Rojas spent 80 percent of his time fishing the first 10-15 feet closest to the bank with a frog, but Rojas did not leave any possibility that bass were staging in slightly deeper water off the banks, were hunkered in the pads or up on open flats. Whenever a different opportunity presented itself as we moved down the canal, Dean always made a few casts out away from the bank with finesse plastics. Whenever we encountered pad beds, Dean flipped them quickly with a heavy bullet sinker and soft bait. Rojas also made a few casts in every location where it looked like a spinnerbait may have worked well. Like all the pros I rode with during the Classic, Dean's execution was impeccably flawless. In four days of fishing, I don't think there were four backlashes between all four pros.

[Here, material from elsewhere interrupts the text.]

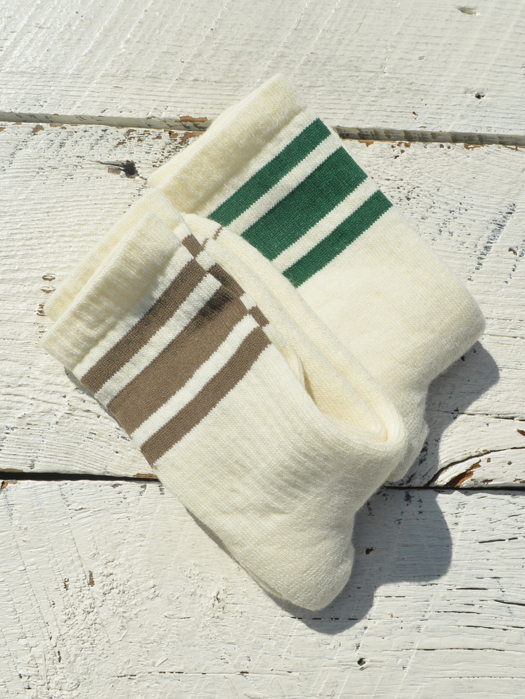 【WILDERNESS WEAR】 Half Beast Line Socks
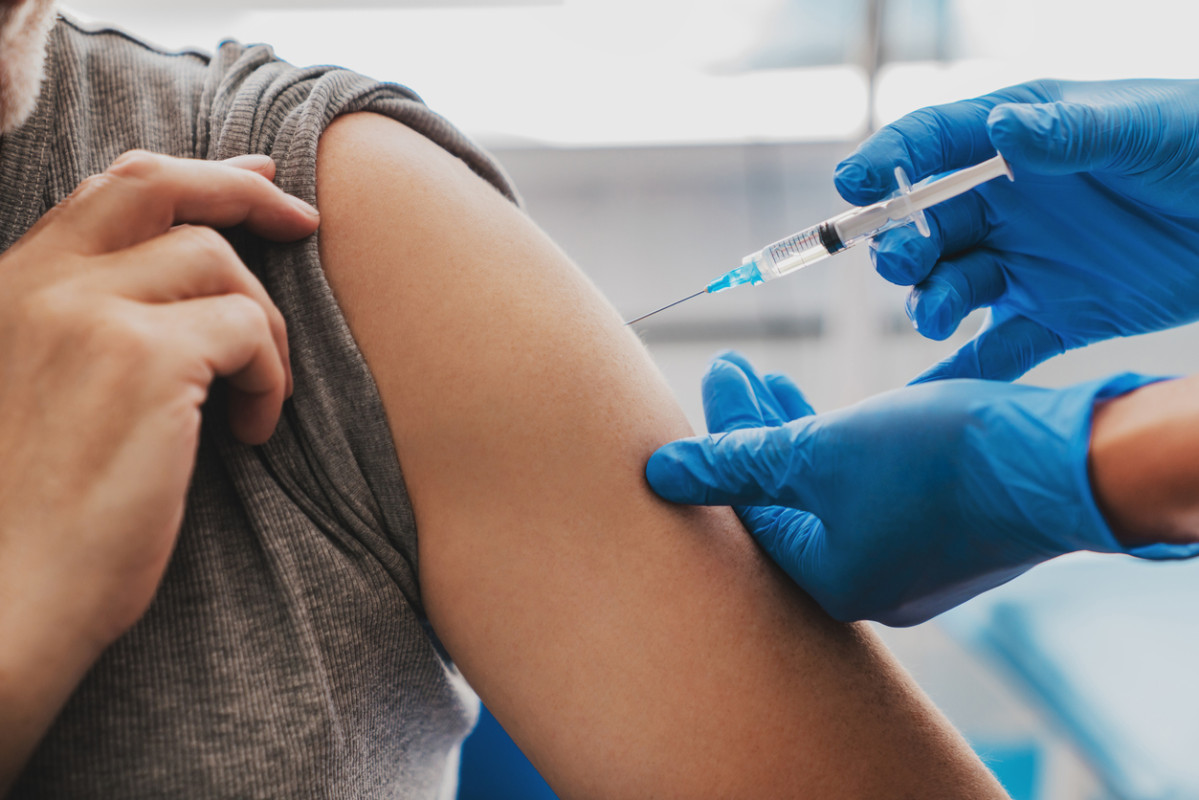 4 La vacunaciou0301n, por ejemplo contra la influenza y neumococo, es un hau0301bito saludable para estos pacientes (1)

Flips were all perfect and splashless, and Dean's frog never hung up in the cover. Rojas worked his SPRO frog very slowly from side to side, using a rod action much as one would deploy to work a Heddon Super Spook or topwater walking lure. The difference being that Dean paused for a lingering instant in between each sideways lunge of his frog. Most hits came during the jerk and pause part of his retrieve, within the first few feet from the bank. At least once or twice on every retrieve, Dean also threw in a sequence of faster, choppy side-to-side twitches in quick succession. This was almost always deployed toward the middle to end of the retrieve, after the slow jerk-and pause hadn't worked, apparently just to give bass a little different, frantic change-up action to trigger a chase.
Dean Rojas is undeniably the best frog fisherman in the world. Rojas says the Spro Bronzeye Frog is the best bass bait ever made, and to watch Dean perform will make you a believer. Climbing the leaderboard on Day Two with Derek Remitz
Derek Remitz was my designated driver on Day Two, which was when he made a huge move up the leaderboard. To start the story off the day before (on Day One), there was a 70-minute fog delay before launching on Day One, and when boats were finally allowed to take off, the fog hadn't entirely lifted on Remitz' chosen destination, Lake Cataouatche. Arriving at his spot in the fog, Remitz could hear the whooshing sounds of several other anglers casting nearby, but could not see them.
As the veil of fog lifted a little, Derek could see it was Kevin VanDam about 50 years to one side of him, and KVD's traveling roommate Scott Rook was 50 yards in the other direction. The shadow of Aaron Marten's boat emerged like a ghost ship a little distance farther away. As their casts whistled in the fog, Remitz knew he had come to the right spot! I boarded Derek's boat on Day Two, and after a 2-1/2 hour fog delay, when boats were finally allowed to go, Remitz beelined back to his sweet spot in Lake Cataouatche. Fishing in Cat was another totally different situation and tactics compared to what I had experienced in Des Allemands and Salvador, Cat was unique.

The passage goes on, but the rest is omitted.